1031 "Like-Kind" Exchange Explained
1031 Like Kind Exchanges originally began as 1031 Tax Swaps of properties between two parties, often farmers trading parcels of land with one another. Over the past 20 years, the regulations regarding 1031 exchanges have become clearer and now allow investors to conduct 1031 Exchanges with more guidance. Today, 1031 tax-deferred exchanges are used by both corporations and individual property owners as part of their investment strategy.
A 1031 Exchange can potentially provide real estate owners with greater leverage, increased diversification, improved cash flow, increased potential for geographic relocation and potential property consolidation. However, there is no guarantee that these objectives can be met. As with all real estate investments, there is a degree of risk.
The strict identification and timeline rules laid down by IRS must be followed during a 1031 tax-deferred exchange.
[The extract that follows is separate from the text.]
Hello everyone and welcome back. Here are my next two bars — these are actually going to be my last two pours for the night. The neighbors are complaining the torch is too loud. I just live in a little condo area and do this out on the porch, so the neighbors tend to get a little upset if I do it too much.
It can be a powerful wealth building tool. To ensure that every requirement of Section 1031 is met, a professional tax advisor should be utilized. Failure to do so can result in associated penalties plus immediate tax liabilities.
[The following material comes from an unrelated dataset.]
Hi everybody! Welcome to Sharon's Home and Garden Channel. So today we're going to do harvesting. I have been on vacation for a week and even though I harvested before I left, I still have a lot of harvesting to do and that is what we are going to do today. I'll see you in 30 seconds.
1031 Exchange permits investors, in addition to tax deferral, to purchase a leveraged replacement property and thus increase their basis in the amount of additional debt assumed. This can shelter as much as 50% to 60% of the rental income cash flow from income taxation. The after-tax return on investment on an annualized basis can be even greater because of the possibility of additional return from appreciation of the property.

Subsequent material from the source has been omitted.